Et bien sûr, il y a les éventuelles arnaques. "Il ne faut surtout pas aller dans la précipitation. Il y a une multiplicité des arnaques, qui sont de plus en plus sophistiquées" rappelle Thibaut Boutrou. Mais il rassure : "les codes sont les mêmes. Quand on vous propose quelque chose qui est trop beau pour être vrai, c'est que c'est trop beau pour être vrai."
Meria a d'ailleurs édité un guide sur les bonnes résolutions à prendre.
"Les arbres ne montent pas jusqu'au ciel"
Dans un marché qualifié de cyclique, rythmé par de longues phases de baisses, de stagnations, et d'envolées spectaculaires, la volatilité du bitcoin laisse espérer le meilleur pour les prochains mois.
"La hausse d'aujourd'hui a vraiment touché bitcoin, il a déjà affiché de gros records, mais le reste du marché n'a pas revécu ses moments forts." Certains y voient le signe d'un marché un peu moins fou. D'autres, l'annonce d'une année 2025 potentiellement lucratives. Ce qui fait oublier qu'en seulement deux ans, la valeur d'un bitcoin est passé de 16.000 à 100.000 dollars. Et c'est déjà exceptionnel.
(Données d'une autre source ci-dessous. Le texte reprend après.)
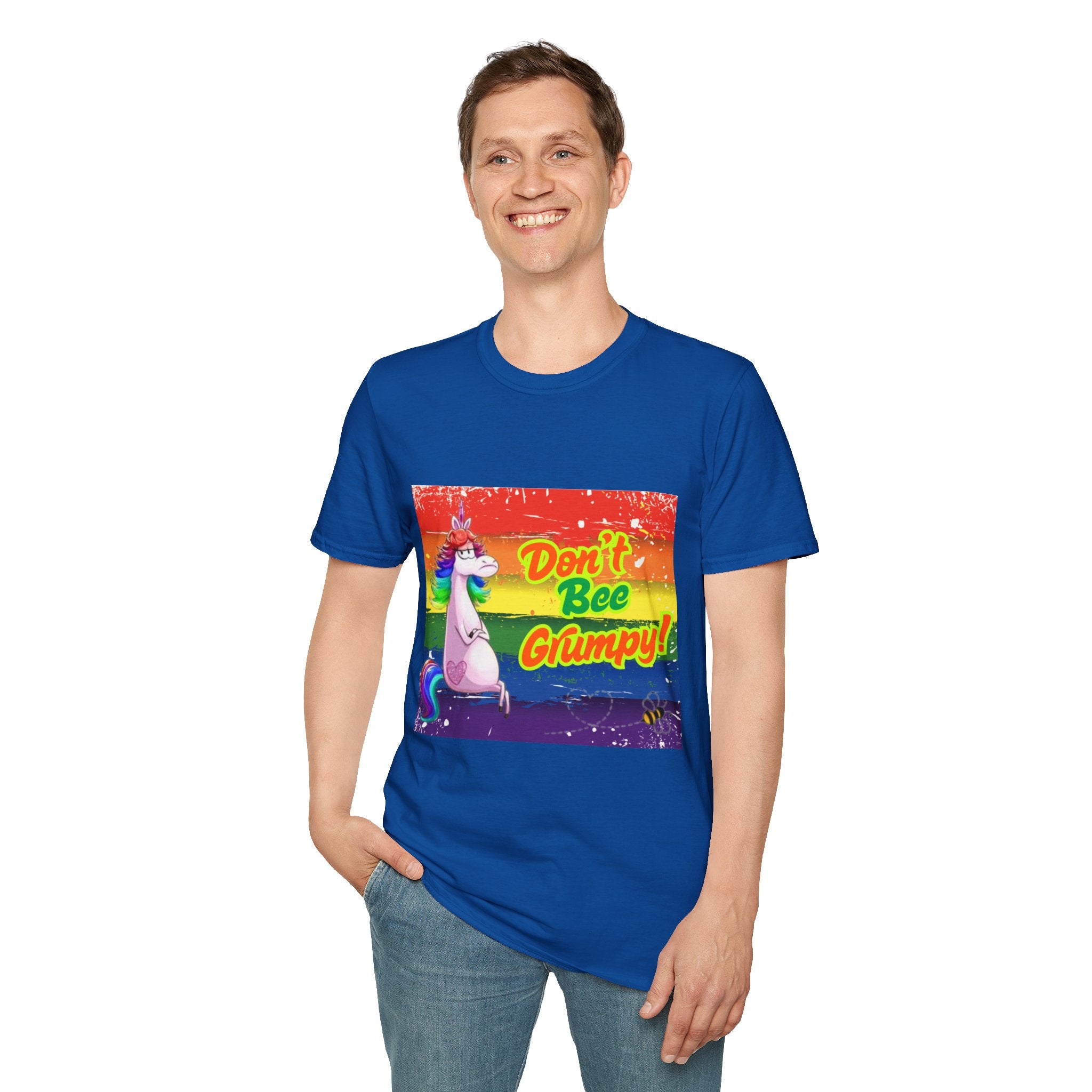 Don't Bee Grumpy Rainbow Unisex Softstyle T-Shirt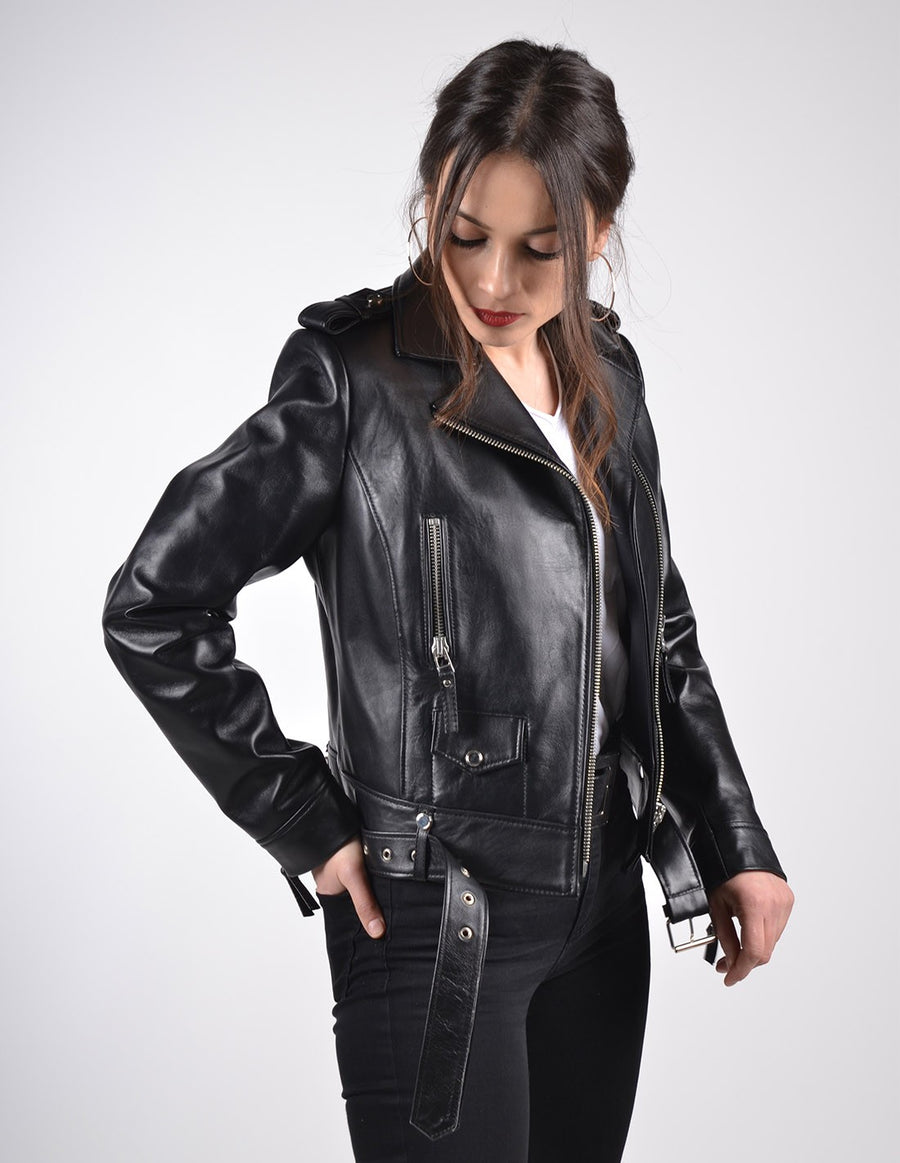 Women`s Black Gloss Classic Biker Leather Jacket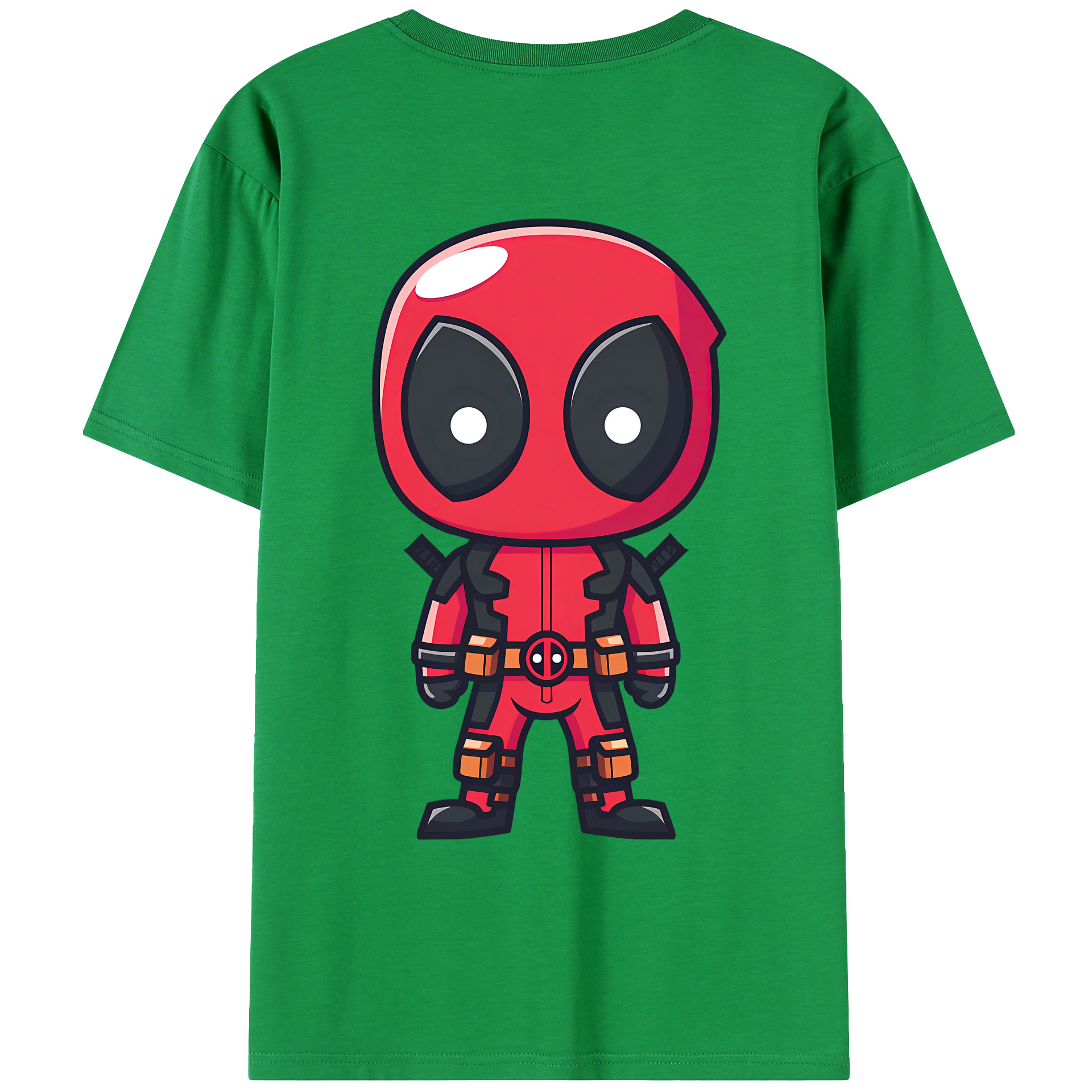 （画像用） Deadpool デッドプール 綿100％ メンズ半袖Tシャツ（バックプリント） 通気性
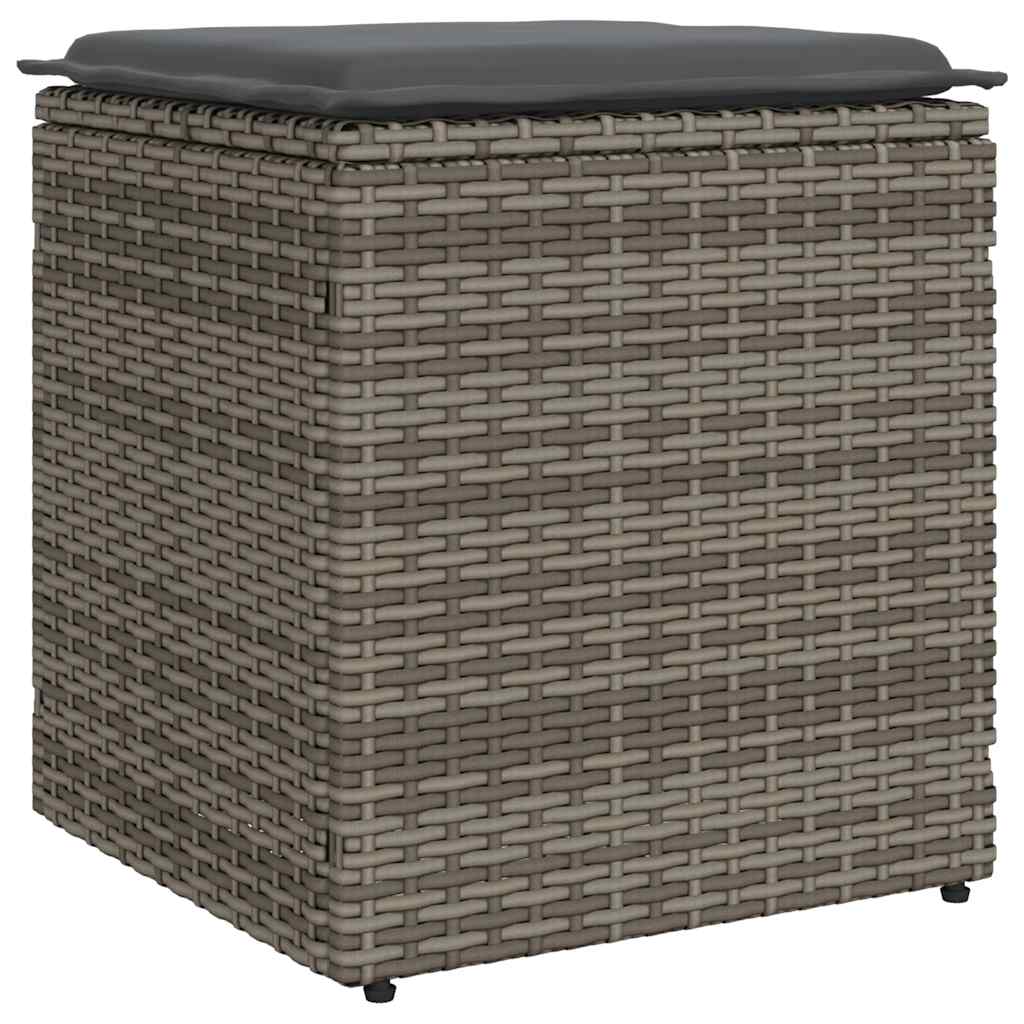 vidaXL Scaune de grădină cu perne 2 buc Gri 40x40x43 cm Poly Ratan vidaXL Scaune de grădină cu perne 2 buc Gri 40x40x43 cm Poly Ratan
Après l'année charnière qu'a été 2024, 2025 est espérée comme une année propice. Avec quelques interrogations. "Il faut faire attention à toutes les projections. Certains annoncent un bitcoin à 150.000, 300.000 voire un million de dollars. Mais on ne sait pas quand le sommet de marché va arriver" souligne Thibaut Boutrou. Selon lui, il faut donc voir à long terme : plus l'échelle de temps est longue, plus des "confirmations" sur la démocratisation des cryptomonnaies et leur régulation apparaissent. "Donc on prend aussi moins de risques aujourd'hui qu'en étant rentré (sur le marché, ndlr) il y a quelques années."
Alors que le bitcoin a pris beaucoup de valeur, jusqu'à atteindre pour la première fois les 100.000$ en fin d'année 2024, la possibilité de faire des profits attire néanmoins les nouveaux investisseurs. Un phénomène similaire s'était produit lorsque sa valeur avait explosé en 2017 puis en 2021. Avant, à chaque fois, de redescendre un peu plus tard. La hausse étant déjà bien entamée, le moment est-il passé ?
"J'aimerais vous dire que c'est nouveau, que c'est la première fois qu'on a ce raisonnement" sourit Owen Simonin. Après une longue traversée du désert, "l'intérêt revient quand elles sont hautes" alors que "le vrai bon moment, c'était en 2022-2023, quand les cours s'effondraient." Plutôt que de réaliser des profits éclairs, la meilleure stratégie revient alors de miser sur la patience : "c'est sur le long terme qu'on fait la différence."